** Task input follows **

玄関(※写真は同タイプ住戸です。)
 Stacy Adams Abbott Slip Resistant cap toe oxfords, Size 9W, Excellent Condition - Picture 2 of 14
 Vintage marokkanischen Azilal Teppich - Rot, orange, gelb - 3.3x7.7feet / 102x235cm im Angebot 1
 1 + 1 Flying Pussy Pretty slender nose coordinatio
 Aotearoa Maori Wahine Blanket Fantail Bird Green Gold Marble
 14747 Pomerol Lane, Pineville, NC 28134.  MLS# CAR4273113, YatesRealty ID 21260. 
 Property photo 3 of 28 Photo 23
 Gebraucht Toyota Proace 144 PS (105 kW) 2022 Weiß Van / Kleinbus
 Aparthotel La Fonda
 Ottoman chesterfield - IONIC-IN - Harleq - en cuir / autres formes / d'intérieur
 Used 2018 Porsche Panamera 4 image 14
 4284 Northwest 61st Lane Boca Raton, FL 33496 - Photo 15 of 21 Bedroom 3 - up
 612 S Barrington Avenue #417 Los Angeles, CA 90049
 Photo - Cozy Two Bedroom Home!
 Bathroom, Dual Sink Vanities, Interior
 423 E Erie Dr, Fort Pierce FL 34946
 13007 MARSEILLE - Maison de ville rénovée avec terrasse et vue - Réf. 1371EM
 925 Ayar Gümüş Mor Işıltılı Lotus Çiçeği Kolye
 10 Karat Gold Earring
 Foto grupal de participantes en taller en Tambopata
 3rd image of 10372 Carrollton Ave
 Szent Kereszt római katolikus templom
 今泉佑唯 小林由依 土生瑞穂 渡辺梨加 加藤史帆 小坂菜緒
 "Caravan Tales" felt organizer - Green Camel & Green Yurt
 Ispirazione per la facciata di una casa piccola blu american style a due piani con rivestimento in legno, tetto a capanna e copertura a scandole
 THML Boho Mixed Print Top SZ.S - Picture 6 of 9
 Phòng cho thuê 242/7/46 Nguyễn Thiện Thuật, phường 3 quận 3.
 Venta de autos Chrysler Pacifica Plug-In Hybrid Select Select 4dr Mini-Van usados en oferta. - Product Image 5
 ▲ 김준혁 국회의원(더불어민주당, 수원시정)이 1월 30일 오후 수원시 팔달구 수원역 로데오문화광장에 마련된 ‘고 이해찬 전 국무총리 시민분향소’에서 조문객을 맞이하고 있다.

** End of Task input **

*The problem*
Find the word "Bedroom" in the records. Copy every line it appears in.

*Your solution*
 4284 Northwest 61st Lane Boca Raton, FL 33496 - Photo 15 of 21 Bedroom 3 - up
 Photo - Cozy Two Bedroom Home!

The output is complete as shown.